The best pre-reading activities give students background knowledge and a frame of reference to draw upon as they read. These are critical for helping students make better connections to the text, which enhances their understanding. Here are my top three pre‑reading hacks to help struggling readers get more out of the literature they study.
1. Build background knowledge with organizers
An advance organizer is a tool to introduce topics that will be explored in a course of study. In terms of literature studies, it is a kind of preview to help students better understand the new material they are going to be learning about. The following are some of the most common ones I have used to give my students background knowledge on particular subjects.
KWL stands for “Know,” “Want to Know,” and “Learned.” I ask students to divide a piece of paper into three columns and label them with the three terms. Then I ask them to write what they know about a particular topic, like sinkholes, for example. Next, I ask students to write what they want to know about sinkholes. Under the sinkholes information in the first column, I might ask students to write what they know about another topic, like solar eclipses. I continue this process until all the thorny concepts from the literature we’re studying have been previewed.
The concepts of sinkholes and solar eclipses are important background knowledge for reading the book Tangerine by Edward Bloor. In my class, we made a web of various facts and descriptions, including pictures, for each topic based on what we read. Since sinkholes and eclipses are two topics that shape much of the plot in the book, these webs helped the students better understand the situations that the characters faced. Plus, having them prominently posted in the room made a great reference tool during class discussions!
Connecting with real-life examples
It can be very helpful for students to be able to relate something to new knowledge. For example, living in Florida means I have heard some stories about famous sinkholes, including one that opened up under a resort. It was easy to find a news report of that incident to show to students, which gave them a real-life example to connect to when we read about the sinkhole in Tangerine.
2. Play-based learning using a multisensory approach
Another way to give students background information about a text is to play a game. Students love games because they make learning fun. Games create anticipation and friendly competition, both of which are highly engaging and cause students to develop positive, memorable connections to the material.
For example, when my class was reading the play version of A Christmas Carol, I wanted my students to understand what Victorian London was like at the time in which the play was set. So, I set up a game for which I wrote down roughly 25 facts and “fictions” about this time period. I stapled each one inside a manila folder with a number on the outside. I handed out the folders to every student in the room and randomly selected a student to come to the front of the room.

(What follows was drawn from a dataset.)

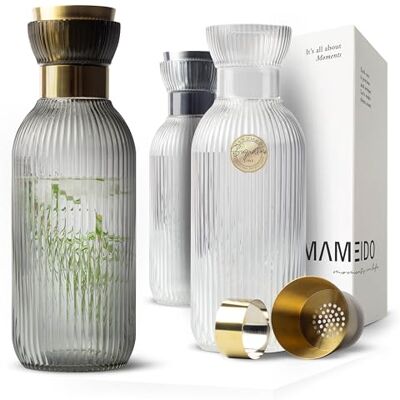 MAMEIDO Wasserkaraffe mit Ausgießer & Sieb 1,5 l (Smoke Gold) aus mundgeblasenem, geriffeltem Kristallglas in edler Optik mit tropffreiem Ausgießer – Karaffe zum Verschenken MAMEIDO Wasserkaraffe mit Ausgießer & Sieb 1,5 l (Smoke Gold) aus mundgeblasenem, geriffeltem Kristallglas in edler Optik mit tropffreiem Ausgießer – Karaffe zum Verschenken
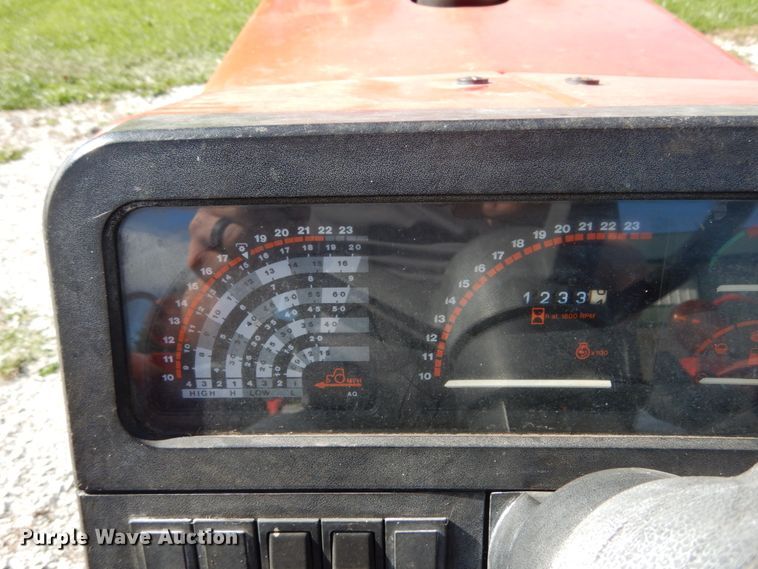 image for item JI9400 1988 Massey Ferguson 360  tractor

Then, I asked all the students in their seats to hold up their folders. The one at the front of the room picked a number. The student holding that numbered folder read their information out loud, and the person at the front had decided whether it was a fact or “fiction.” If they were correct, they got to hold the folder and pick again. If the student answered incorrectly, then the one who was holding the folder kept it and came up to the front to have a turn. I continued this process until all the facts and “fictions” had been revealed.

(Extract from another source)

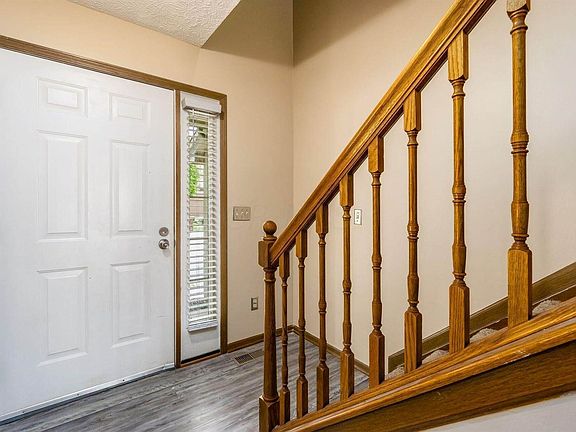 5th image of 7344 Cook Farm Dr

Of course, we stopped and talked about some of the topics along the way. My students were horrified to learn that they were old enough to have been sent to work in a factory in Dickens’s time! As you can imagine, this was an activity that stuck with them and helped inform their understanding of A Christmas Carol in a much richer way.
3. Create impactful memories
The last memorable way to build background knowledge is to have a kind of event in the classroom. One day I really wanted to drive home the importance of accountable talk in partner or small-group discussions of literature. So, I came to school with one ponytail on the side of my head, one long sock and one short sock, my shirt on backwards, and two different shoes.
My students were all murmuring about me as they entered the classroom, and I pretended that it was just any old day. As I began class, I said sheepishly, “Is something wrong?” Then nervous laughter rang out as one small voice said, “Mrs. Spangler, did you get up late this morning?” I asked, “Why?” “Well, your shirt might be on backwards.” “Oh, my goodness! How can you tell?” The student then told me they could see the tag of my shirt. I responded with, “Thank you so much for telling me and for being so kind about it! Did I miss anything else?” Soon others were willing to politely offer me specific suggestions to tidy myself up.
Once I was sorted, I told my students that I did this on purpose because this is how accountable talk should work: “One person should ask a question politely, and the other should respond, equally as kindly and with a high level of detail. Otherwise, how could someone know that their shirt was on backwards? They might not know their tag was sticking out and might just think others were laughing for no good reason.” This experience made the expectations for discussing literature easier to understand because now my students had a model to refer to when they were meeting in small groups. It also created stronger conversations because they had a procedure to follow for taking turns asking and responding to questions.
Providing my students with pre‑reading strategies as outlined above led to better understanding of difficult material. Whenever we read about something that may be a bit thorny to understand, I can refer back to what we did to pre‑read and remind the students that they know something about this topic: “What do remember from our (graphic organizer/game/event)? See? You know things about this text!” This not only serves to build reader confidence, but also helps to create stronger conversations for current and future literature studies—all thanks to a little pre‑reading.